:: DATASET EXTRACT ::
• • •

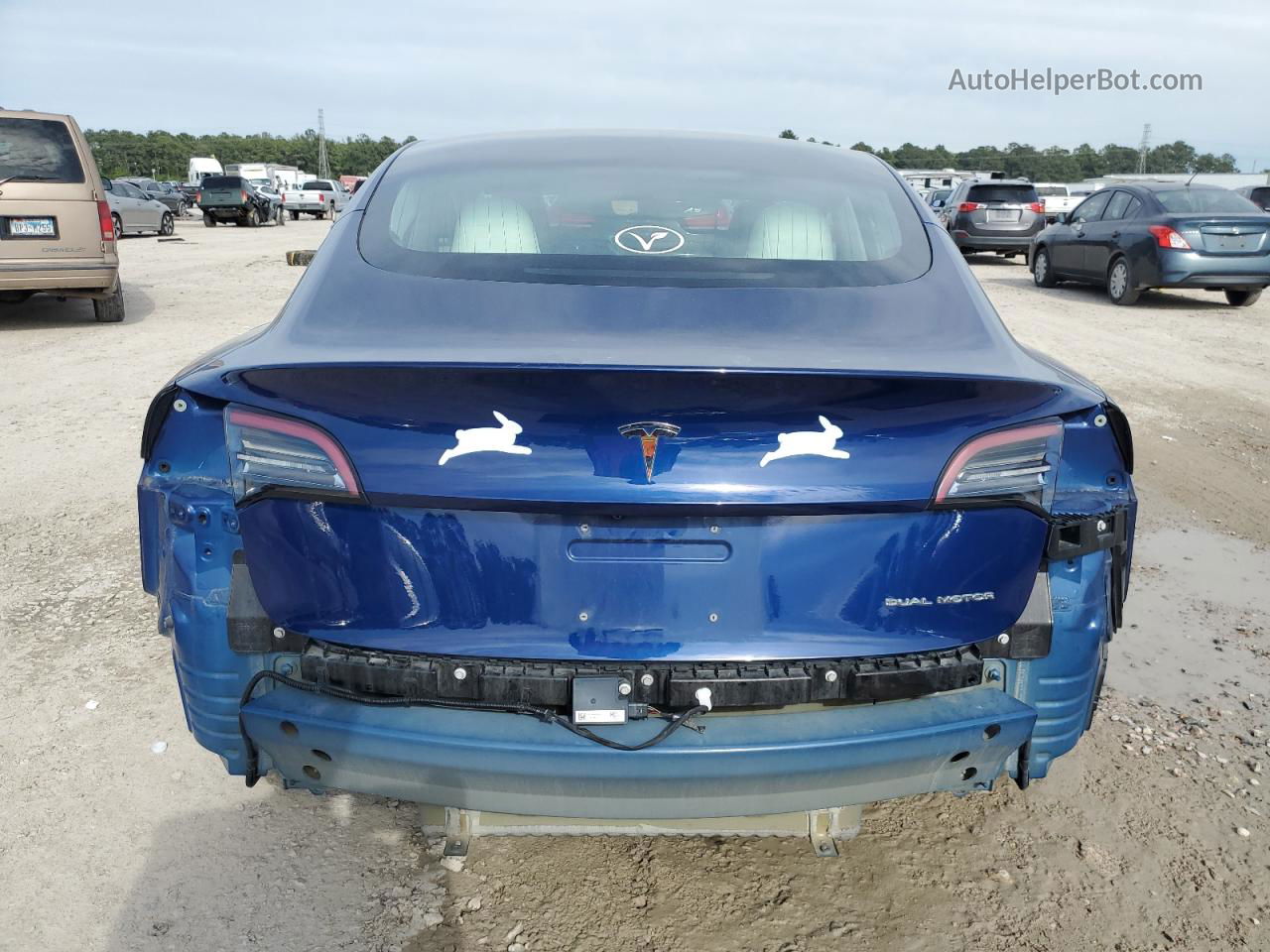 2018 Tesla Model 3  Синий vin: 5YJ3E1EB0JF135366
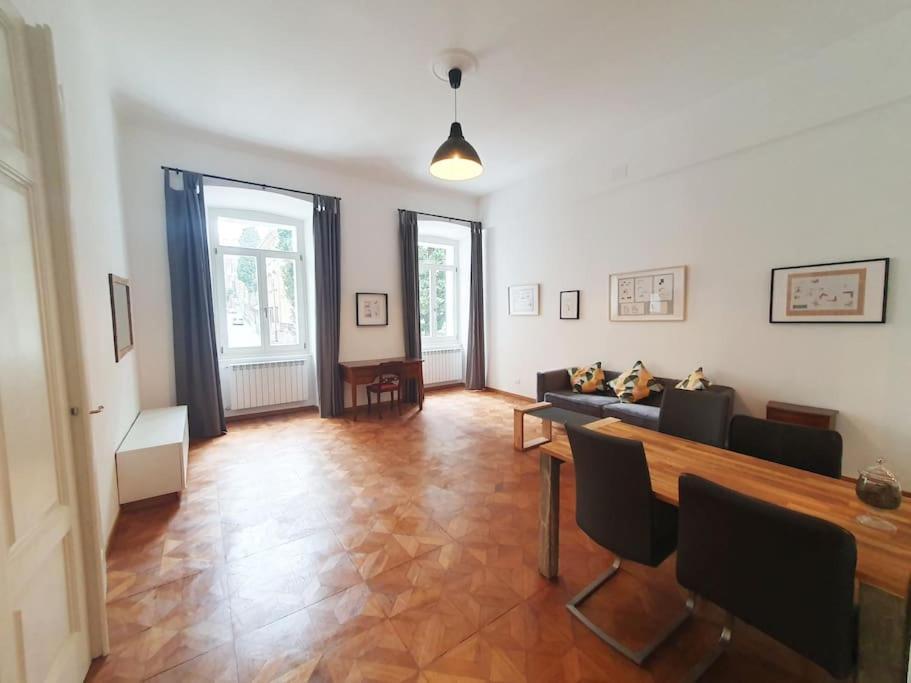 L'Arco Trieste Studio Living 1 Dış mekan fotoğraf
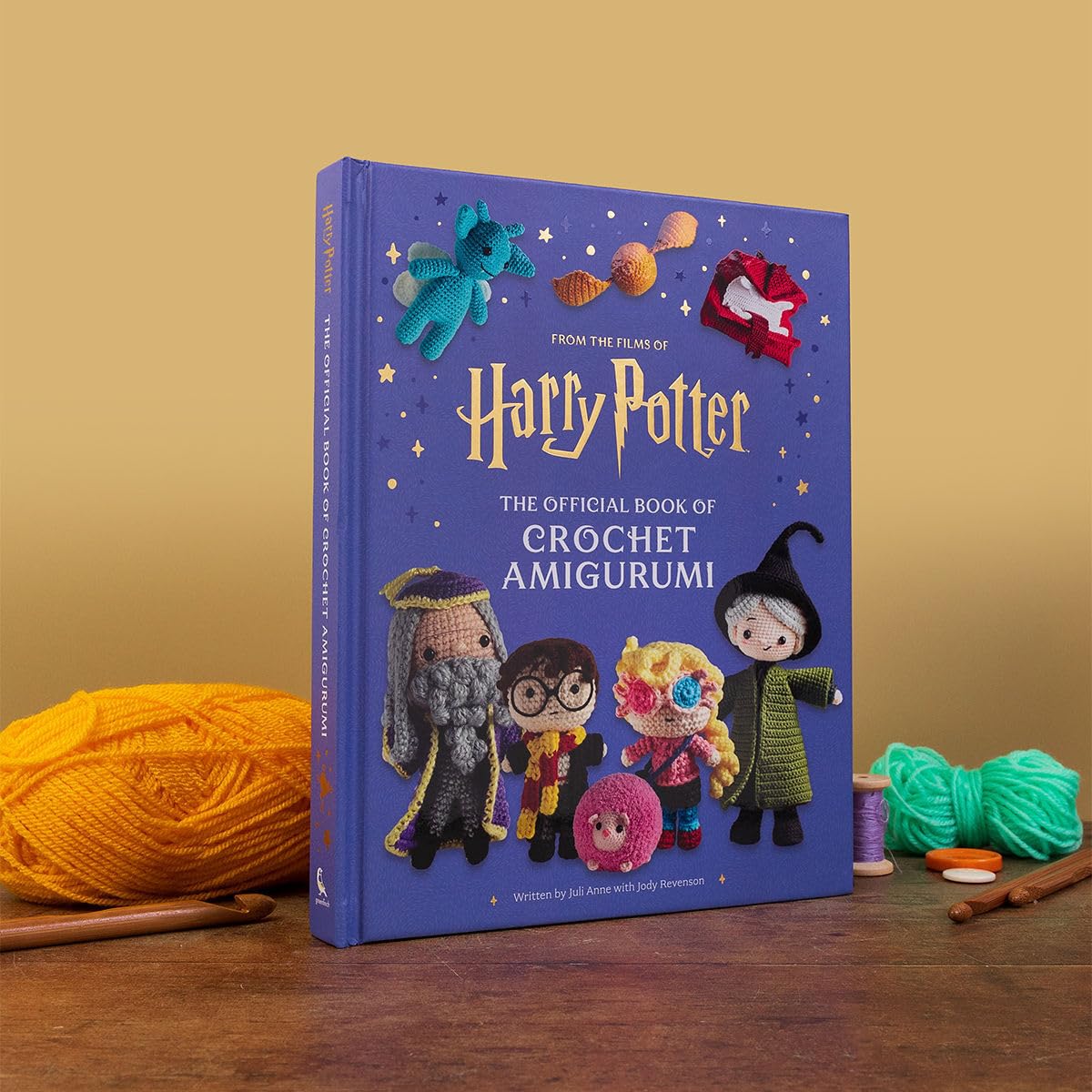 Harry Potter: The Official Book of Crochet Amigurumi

• • •

:: YOUR TASK ::
The expected output is the full material above, unaltered, with pictures removed.

:: OUTPUT OF THE EXERCISE ::
 2018 Tesla Model 3  Синий vin: 5YJ3E1EB0JF135366
 L'Arco Trieste Studio Living 1 Dış mekan fotoğraf
 Harry Potter: The Official Book of Crochet Amigurumi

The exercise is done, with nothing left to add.